06/30/2014 @ useR! 2014

About me

  • http://yihui.name
  • first language: Chinese
  • second language: R (10 years, authored a few R packages)
  • third language: English
  • graduated from Iowa State U
  • working for RStudio

Abstract

This is an intermediate level tutorial on dynamic reporting with R and the knitr package (http://yihui.name/knitr). It covers the basic idea of literate programming as well as its role in reproducible research.

A variety of document formats will be introduced, including R LaTeX (.Rnw) and R Markdown (.Rmd). We will show useful features of knitr, such as creating tables and plots from data, caching, and cross references.

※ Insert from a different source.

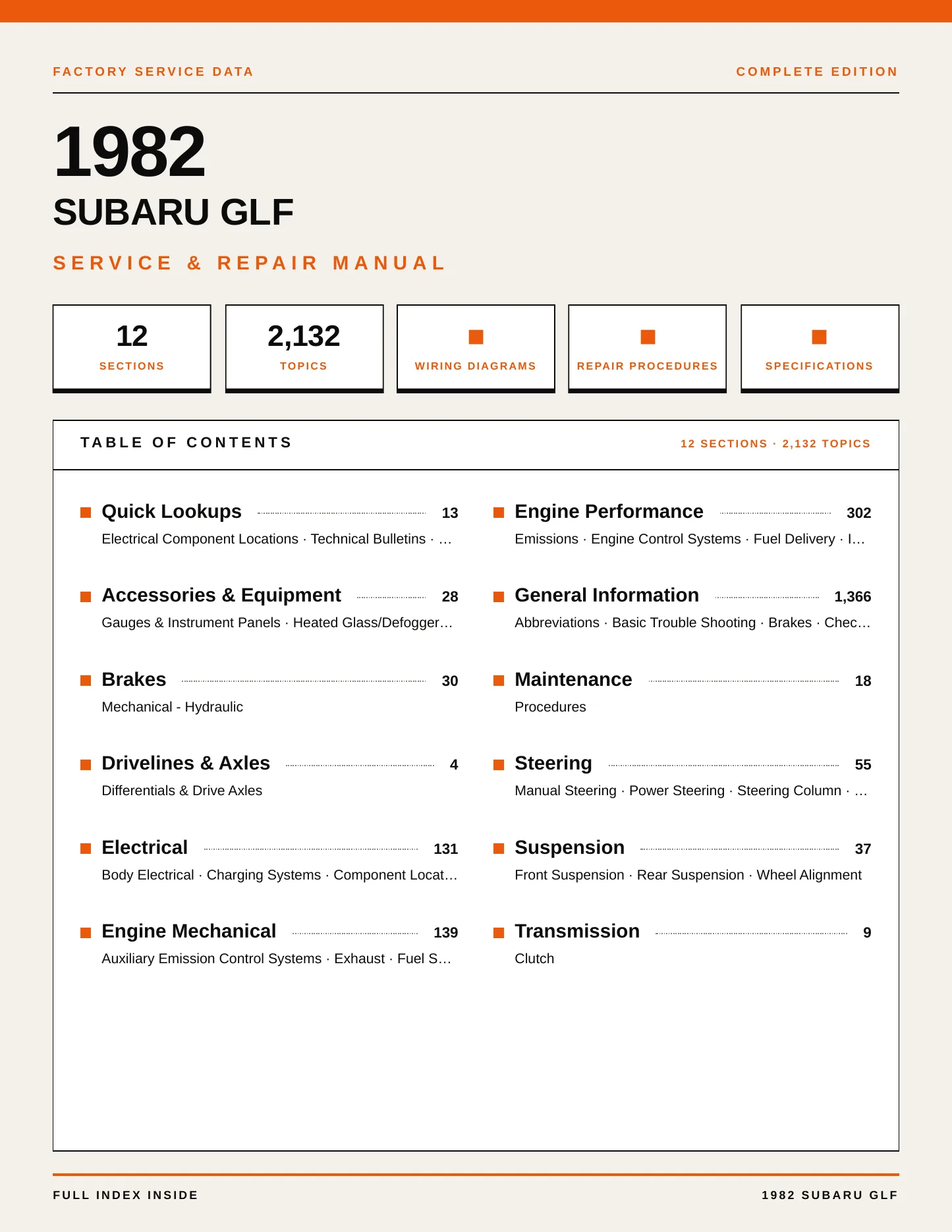 1982 Subaru GLF Service and Repair Manual preview page 1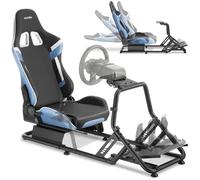 tectake® Simulador de Conduccion Estilo GT, Cockpit Simracing Ajustable Compatible con Logitech, Thrustmaster, Fanatec, Soporte Volante, Volante Ps5, Habitacion Gamer, Silla Gaming - Negro/Celeste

We will also provide examples of advanced features such as chunk hooks, and calling foreign languages (shell scripts, Python, C++, Julia, …).

Goals

  • learn the basic idea of literate programming and apply it to data analysis using dynamic documents
  • know the basics about knitr
  • understand the meanings of common chunk options
  • learn how to extend knitr using chunk hooks and other languages
  • create projects and build (web) applications based on knitr

Who cares…

Learning new tools

Overview and Introduction

I know you click, click, copy and paste

But imagine you hear these words after you finished a project

Please do that again! (sorry we made a mistake in the data, want to change a parameter, and yada yada)

Basic ideas of dynamic documents

  • code + narratives = report
  • i.e. computing languages + authoring languages

    We built a linear regression model.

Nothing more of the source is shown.